The first is Christensonia vietnamica. This plant was a two growth division when I bought it, and the old growth was mangled. The old growth has since died back leaving a nice seven leaf new growth with plenty of green roots. It put on a new leaf last year and the root tips are growing but the plant doesn't seem to be doing anything. I gave it a dry rest, by accident really, when it got mixed in with my Encyclias. Does anyone have any advice to share about this one? Sadly, I don't even know what time of year this one blooms.

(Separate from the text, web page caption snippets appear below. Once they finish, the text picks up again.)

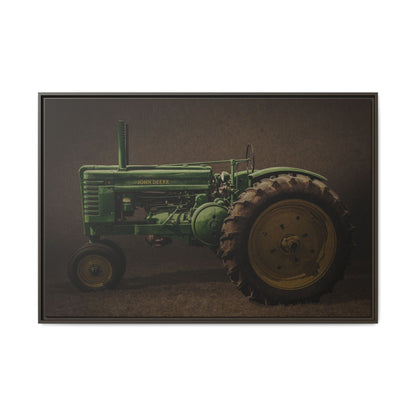 Vintage John Deere Model G | Framed Wall Art on Stretched Canvas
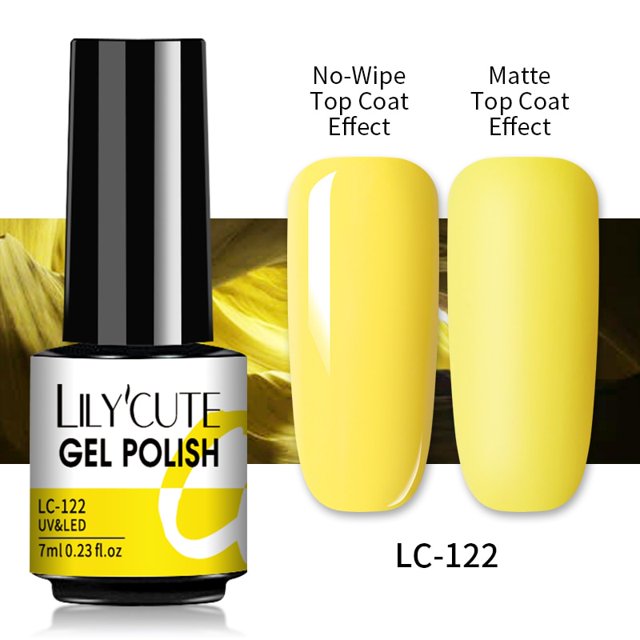 LILYCUTE 7ML capa superior mate barniz para arte de uñas Gel de Color mate capa superior mate necesita Soak-Off UV LED Gel esmalte de uñas híbrido Tan Jianjun unisex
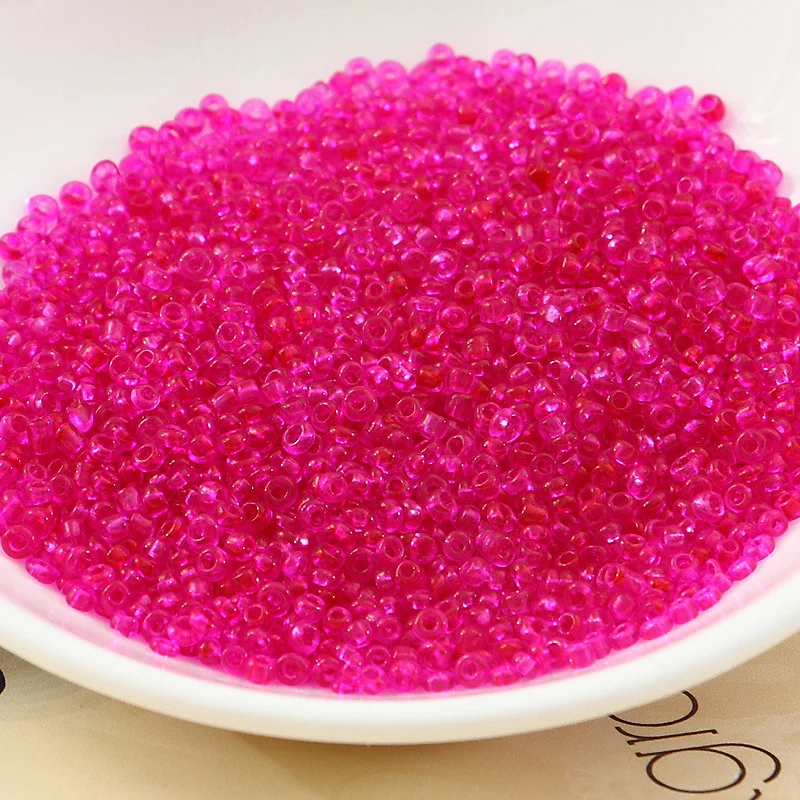 

Colorful Crystal Glass Beads in Bulk Wholesale Glass Loose Beads Transparent Color Glass Seed Beads For Jewelry Making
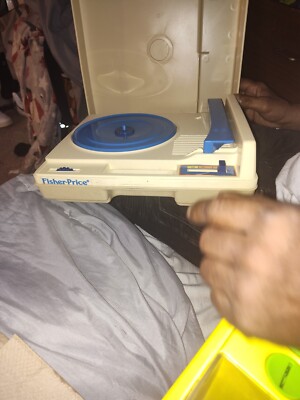 Fisher-Price 1971 Vintage Record Player Child Toy -image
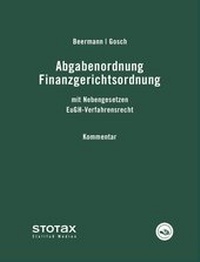 Abbildung von: Abgabenordnung Finanzgerichtsordnung - Grundwerk ohne Fortsetzungsbezug - Stollfuß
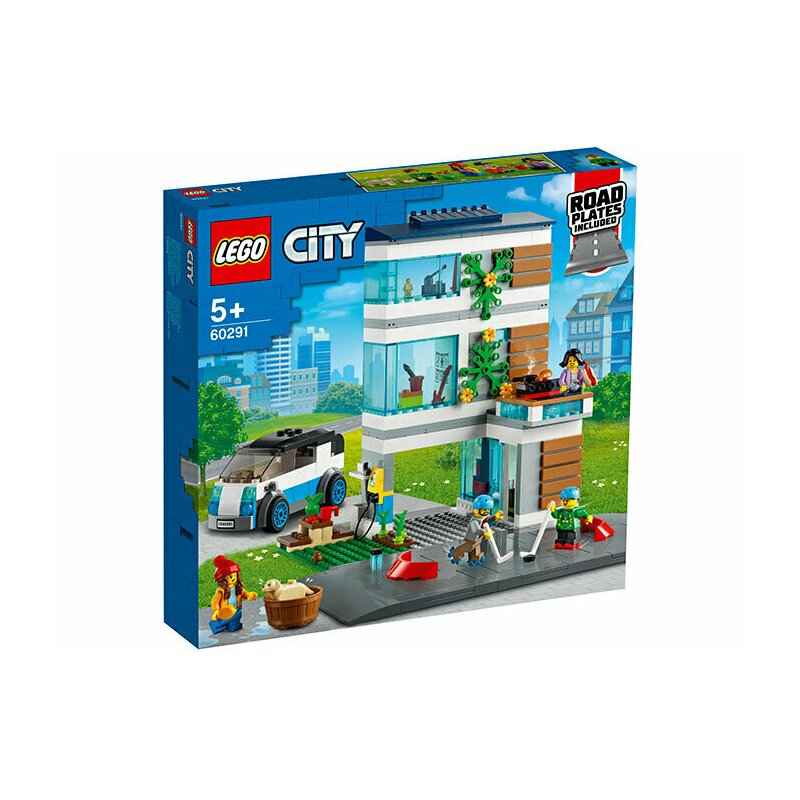 Lego - set de constructie casa familiei ® city, pcs 388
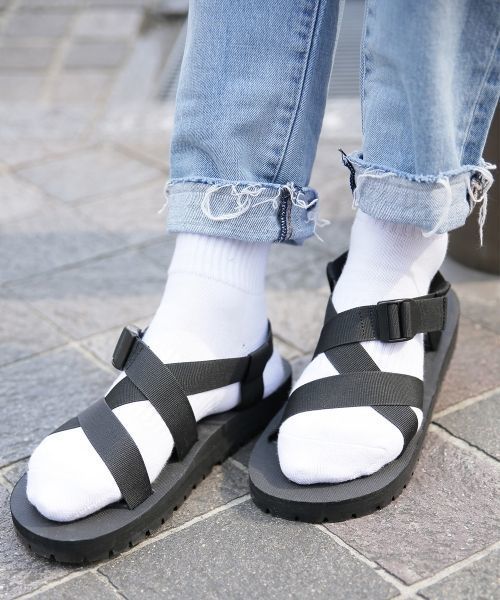 RAGEBLUE（レイジブルー）の「トレイルサンダル/712556（サンダル・メンズ・ブラック/オリーブ/ネイビー・LARGE/MEDIUM）」の18枚目の写真
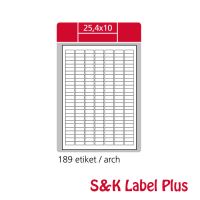 Samolepící etikety SK LABEL Plus A4 25,4 x 10 mm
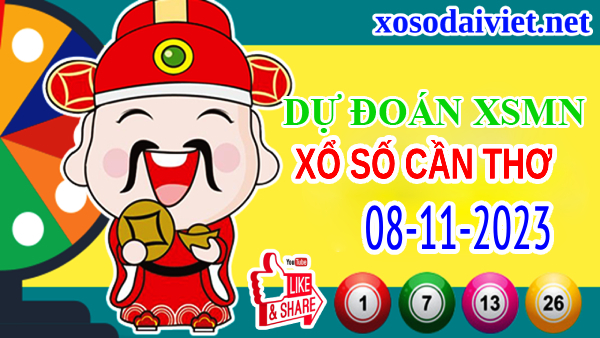 Dự đoán XSCT ngày 08/11/2023 – Thống kê kết quả xổ số Cần Thơ thứ 4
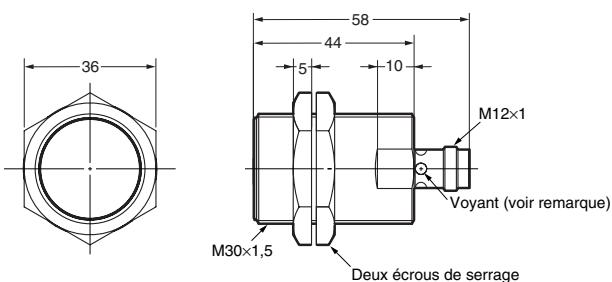OMRON E2AX - Modèle de connecteur M12 (non blindés) - 4
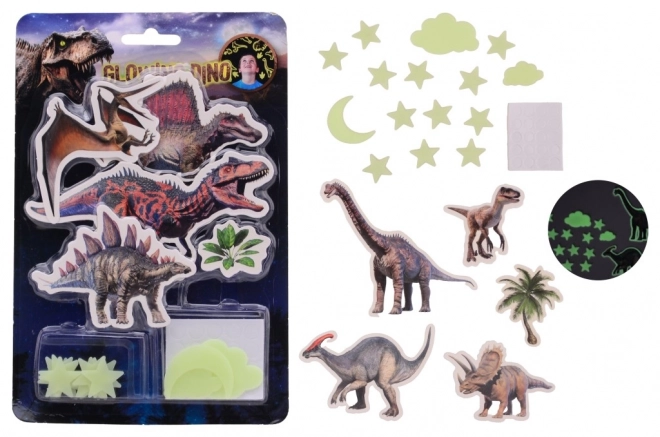 Svítící dinosauři na zeď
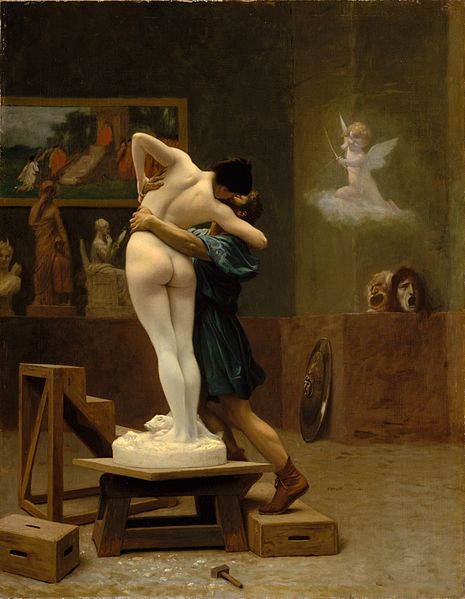 『ピュグマリオンとガラテア』　1890年頃　ジャン＝レオン・ジェローム　メトロポリタン美術館蔵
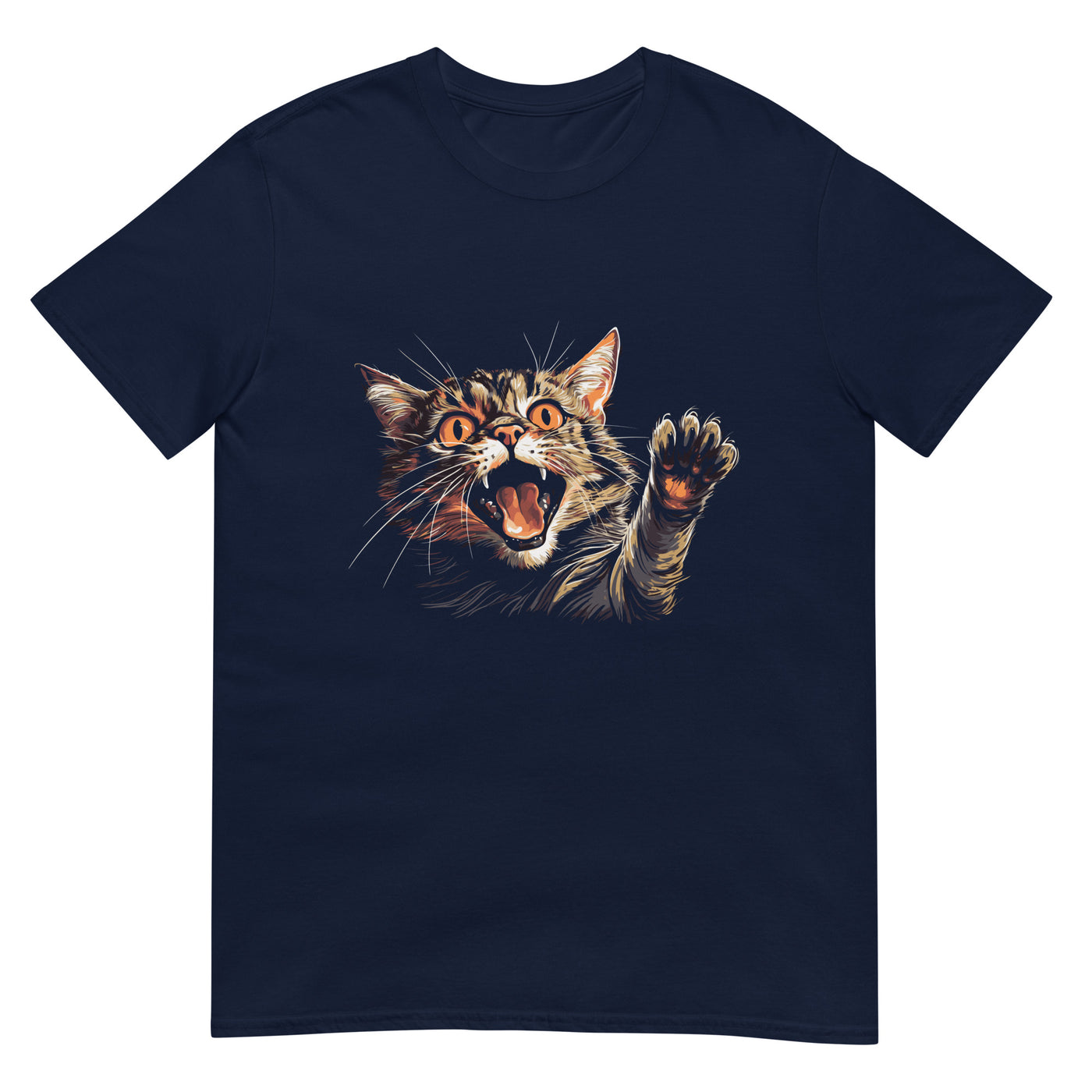 Katze schreit - Lustig - Herren T-Shirt Other_Niches xxx yyy zzz Navy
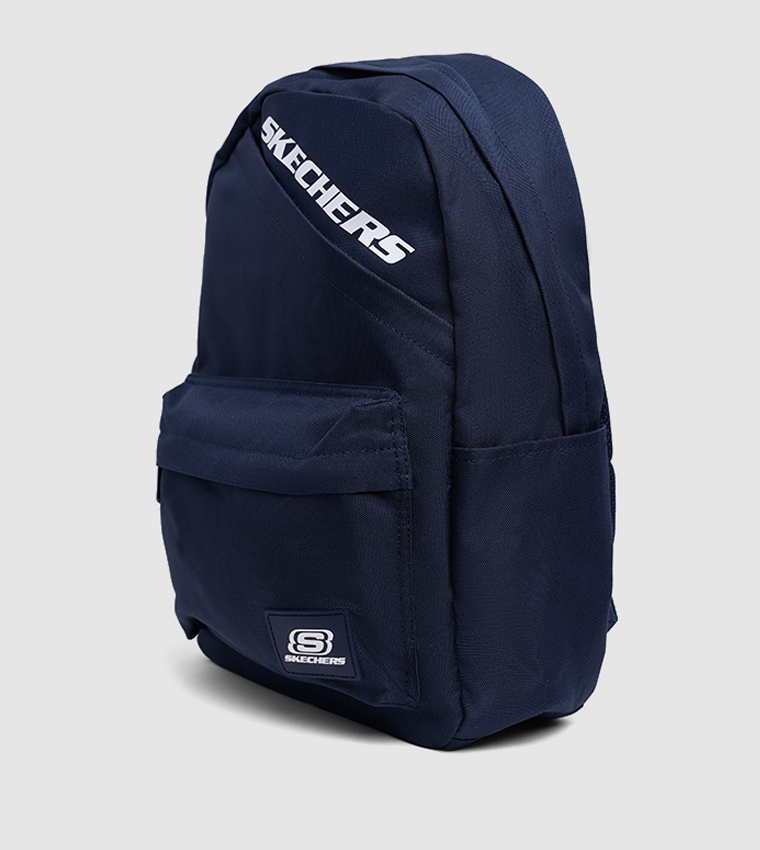 Logo Printed Zippered Backpack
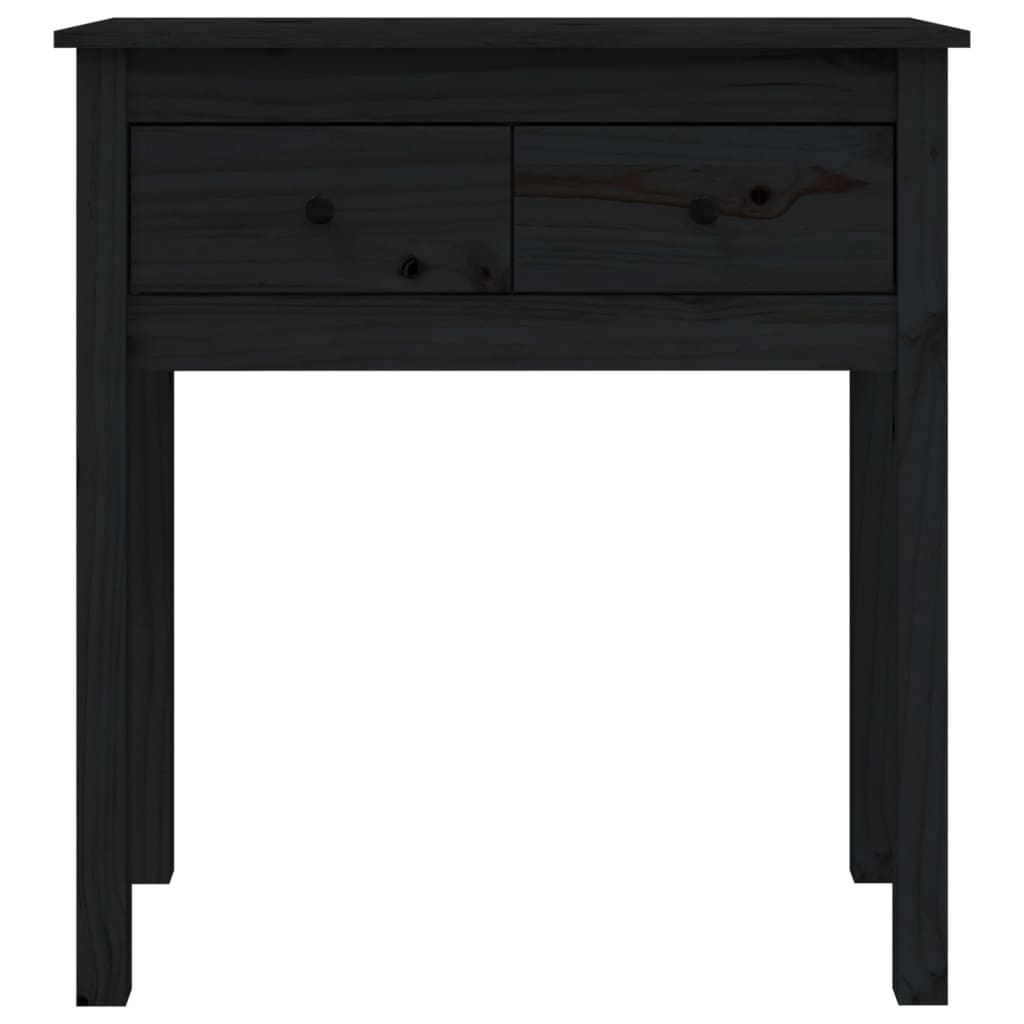 Konsolipöytä musta 70x35x75 cm täysi mänty - Sisustajankoti.fi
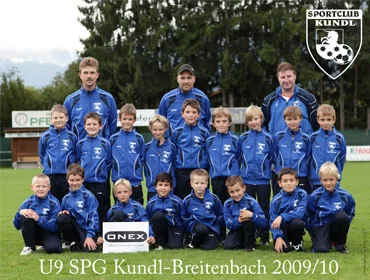 U9 SPG Kundl-Breitenbach in ONEX Trainingsbekleidung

The second plant is a Zygopetalum hybrid. It was a six bulb plant when I bought it, and three of those bulbs bloomed right after. Those three bulbs are now putting out this year's growth. The problem with this plant is, each bulb only puts out one new growth. I know, what a lame problem to have. I just wish this plant would start multiplying more rapidly, because when it blooms it is really amazing. Does anybody have a magic potion or incantation that can make a plant put on more new growths? I don't believe it's my culture, because this plant is massive and happy. Just not happy enough to multiply.


----------



## SlipperFan (Feb 3, 2008)

I don't know about the other, but I think it's typical for the Zygopetalum family to have one new growth per bulb.


----------



## goldenrose (Feb 3, 2008)

I was hoping more might chime in by now. I don't know about the others either, I have Zygo.Blue Bird & this year I got 2 spikes off one new bulb. I treat it like a cymbidium.  sorry I can't be of more help!


----------



## paphioboy (Feb 3, 2008)

I think that Christensonia vietnamica should be treated like vandas or aerides.. not sure if it has a resting period though...


----------